Efficient Preparation of Graph States using the Quotient-Augmented Strong Split Tree
This work addresses scalability limitations in quantum state preparation, offering practical improvements for quantum computing and networking applications, though it appears incremental with domain-specific focus.
The paper tackles the problem of efficiently preparing graph states for quantum computation by reducing entangling resources through local complement equivalence. It introduces methods using split decomposition and split-fuse construction that achieve linear scaling for certain graph families and outperform direct implementations on large graphs.
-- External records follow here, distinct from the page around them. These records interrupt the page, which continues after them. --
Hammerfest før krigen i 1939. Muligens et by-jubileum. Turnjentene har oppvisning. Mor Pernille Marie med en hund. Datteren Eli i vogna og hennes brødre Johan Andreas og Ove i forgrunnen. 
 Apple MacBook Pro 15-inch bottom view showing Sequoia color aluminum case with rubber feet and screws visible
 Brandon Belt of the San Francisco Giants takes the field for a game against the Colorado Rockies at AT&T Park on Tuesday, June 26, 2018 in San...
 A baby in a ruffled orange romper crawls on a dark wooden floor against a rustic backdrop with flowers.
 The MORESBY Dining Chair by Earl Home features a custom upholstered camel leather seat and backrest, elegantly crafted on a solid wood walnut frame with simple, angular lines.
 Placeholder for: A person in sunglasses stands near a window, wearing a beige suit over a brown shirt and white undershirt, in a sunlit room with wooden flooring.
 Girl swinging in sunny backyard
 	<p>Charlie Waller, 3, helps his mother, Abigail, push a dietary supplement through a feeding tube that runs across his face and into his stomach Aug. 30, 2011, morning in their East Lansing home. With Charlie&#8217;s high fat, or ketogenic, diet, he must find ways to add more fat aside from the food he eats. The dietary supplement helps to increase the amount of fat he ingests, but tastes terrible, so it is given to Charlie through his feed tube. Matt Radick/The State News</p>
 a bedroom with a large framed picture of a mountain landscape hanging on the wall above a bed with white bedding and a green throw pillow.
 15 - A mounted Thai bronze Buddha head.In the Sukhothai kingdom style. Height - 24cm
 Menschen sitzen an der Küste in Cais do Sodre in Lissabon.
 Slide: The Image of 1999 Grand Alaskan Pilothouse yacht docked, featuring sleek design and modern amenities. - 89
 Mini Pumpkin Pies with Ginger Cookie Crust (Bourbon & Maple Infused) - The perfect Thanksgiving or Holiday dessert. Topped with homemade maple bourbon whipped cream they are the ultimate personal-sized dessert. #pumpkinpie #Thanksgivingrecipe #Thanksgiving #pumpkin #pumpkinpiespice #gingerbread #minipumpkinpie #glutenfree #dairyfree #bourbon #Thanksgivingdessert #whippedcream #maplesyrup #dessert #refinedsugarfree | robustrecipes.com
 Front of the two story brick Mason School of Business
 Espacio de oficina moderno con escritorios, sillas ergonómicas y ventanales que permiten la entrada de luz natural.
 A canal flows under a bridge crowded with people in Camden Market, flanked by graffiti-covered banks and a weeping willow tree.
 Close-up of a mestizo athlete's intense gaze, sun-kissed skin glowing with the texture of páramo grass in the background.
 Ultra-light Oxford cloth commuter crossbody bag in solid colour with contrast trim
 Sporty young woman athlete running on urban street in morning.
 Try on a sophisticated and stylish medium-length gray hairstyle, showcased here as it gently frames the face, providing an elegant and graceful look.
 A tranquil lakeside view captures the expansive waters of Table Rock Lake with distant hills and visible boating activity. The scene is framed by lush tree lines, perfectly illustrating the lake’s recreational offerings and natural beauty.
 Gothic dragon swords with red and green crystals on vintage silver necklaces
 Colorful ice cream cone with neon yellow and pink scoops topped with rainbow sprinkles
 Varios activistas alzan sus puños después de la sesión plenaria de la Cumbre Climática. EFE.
Graph states are a key resource for measurement-based quantum computation and quantum networking, but state-preparation costs limit their practical use. Graph states related by local complement (LC) operations are equivalent up to single-qubit Clifford gates; one may reduce entangling resources by preparing a favorable LC-equivalent representative. However, exhaustive optimization over the LC orbit is not scalable. We address this problem using the split decomposition and its quotient-augmented strong split tree (QASST). For several families of distance-hereditary (DH) graphs, we use the QASST to characterize LC orbits and identify representatives with reduced controlled-Z count or preparation circuit depth. We also introduce a split-fuse construction for arbitrary DH graph states, achieving linear scaling with respect to entangling gates, time steps, and auxiliary qubits. Beyond the DH setting, we discuss a generalized divide-and-conquer split-fuse strategy and a simple greedy heuristic for generic graphs based on triangle enumeration. Together, these methods outperform direct implementations on sufficiently large graphs, providing a scalable alternative to brute-force optimization.